[Records from a dataset]
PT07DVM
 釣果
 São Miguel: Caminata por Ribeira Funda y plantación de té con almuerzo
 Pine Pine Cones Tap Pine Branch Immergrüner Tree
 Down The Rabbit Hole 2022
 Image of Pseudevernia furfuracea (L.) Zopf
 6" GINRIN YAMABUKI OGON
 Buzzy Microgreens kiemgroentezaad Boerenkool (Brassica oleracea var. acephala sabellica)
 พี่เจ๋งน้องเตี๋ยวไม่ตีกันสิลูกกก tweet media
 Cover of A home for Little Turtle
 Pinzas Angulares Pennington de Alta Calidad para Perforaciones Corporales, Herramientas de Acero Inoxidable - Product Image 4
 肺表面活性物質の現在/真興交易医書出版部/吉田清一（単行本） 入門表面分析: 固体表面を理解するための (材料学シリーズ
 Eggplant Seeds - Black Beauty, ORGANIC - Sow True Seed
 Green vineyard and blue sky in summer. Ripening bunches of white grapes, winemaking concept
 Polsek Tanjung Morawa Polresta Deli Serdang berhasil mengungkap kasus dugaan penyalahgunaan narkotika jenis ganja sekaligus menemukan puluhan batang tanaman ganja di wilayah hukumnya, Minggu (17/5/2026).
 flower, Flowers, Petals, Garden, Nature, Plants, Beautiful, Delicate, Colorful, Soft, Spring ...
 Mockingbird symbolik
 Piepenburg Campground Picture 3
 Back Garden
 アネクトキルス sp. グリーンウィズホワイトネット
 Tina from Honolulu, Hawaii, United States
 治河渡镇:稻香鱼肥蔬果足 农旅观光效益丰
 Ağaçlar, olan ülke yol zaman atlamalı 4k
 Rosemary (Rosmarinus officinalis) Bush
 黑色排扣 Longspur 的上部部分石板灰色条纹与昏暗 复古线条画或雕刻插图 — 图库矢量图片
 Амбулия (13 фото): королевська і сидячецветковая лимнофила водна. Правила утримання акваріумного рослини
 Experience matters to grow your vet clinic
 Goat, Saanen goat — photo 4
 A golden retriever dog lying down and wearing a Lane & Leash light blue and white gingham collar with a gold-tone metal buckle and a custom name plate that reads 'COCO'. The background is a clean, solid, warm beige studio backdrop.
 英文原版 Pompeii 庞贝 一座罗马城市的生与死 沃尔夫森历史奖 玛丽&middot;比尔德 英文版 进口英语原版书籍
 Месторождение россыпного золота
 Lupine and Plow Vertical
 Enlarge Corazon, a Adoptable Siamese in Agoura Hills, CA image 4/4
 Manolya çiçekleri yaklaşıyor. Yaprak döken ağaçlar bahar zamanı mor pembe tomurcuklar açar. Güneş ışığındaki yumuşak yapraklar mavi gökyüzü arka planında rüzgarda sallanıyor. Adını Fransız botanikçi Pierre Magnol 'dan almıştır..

### Aim of the exercise
Your answer must consist only of the lines from the start of the records above through the line with "Goat, Saanen goat — photo 4", each retyped exactly.

### Response area
PT07DVM
 釣果
 São Miguel: Caminata por Ribeira Funda y plantación de té con almuerzo
 Pine Pine Cones Tap Pine Branch Immergrüner Tree
 Down The Rabbit Hole 2022
 Image of Pseudevernia furfuracea (L.) Zopf
 6" GINRIN YAMABUKI OGON
 Buzzy Microgreens kiemgroentezaad Boerenkool (Brassica oleracea var. acephala sabellica)
 พี่เจ๋งน้องเตี๋ยวไม่ตีกันสิลูกกก tweet media
 Cover of A home for Little Turtle
 Pinzas Angulares Pennington de Alta Calidad para Perforaciones Corporales, Herramientas de Acero Inoxidable - Product Image 4
 肺表面活性物質の現在/真興交易医書出版部/吉田清一（単行本） 入門表面分析: 固体表面を理解するための (材料学シリーズ
 Eggplant Seeds - Black Beauty, ORGANIC - Sow True Seed
 Green vineyard and blue sky in summer. Ripening bunches of white grapes, winemaking concept
 Polsek Tanjung Morawa Polresta Deli Serdang berhasil mengungkap kasus dugaan penyalahgunaan narkotika jenis ganja sekaligus menemukan puluhan batang tanaman ganja di wilayah hukumnya, Minggu (17/5/2026).
 flower, Flowers, Petals, Garden, Nature, Plants, Beautiful, Delicate, Colorful, Soft, Spring ...
 Mockingbird symbolik
 Piepenburg Campground Picture 3
 Back Garden
 アネクトキルス sp. グリーンウィズホワイトネット
 Tina from Honolulu, Hawaii, United States
 治河渡镇:稻香鱼肥蔬果足 农旅观光效益丰
 Ağaçlar, olan ülke yol zaman atlamalı 4k
 Rosemary (Rosmarinus officinalis) Bush
 黑色排扣 Longspur 的上部部分石板灰色条纹与昏暗 复古线条画或雕刻插图 — 图库矢量图片
 Амбулия (13 фото): королевська і сидячецветковая лимнофила водна. Правила утримання акваріумного рослини
 Experience matters to grow your vet clinic
 Goat, Saanen goat — photo 4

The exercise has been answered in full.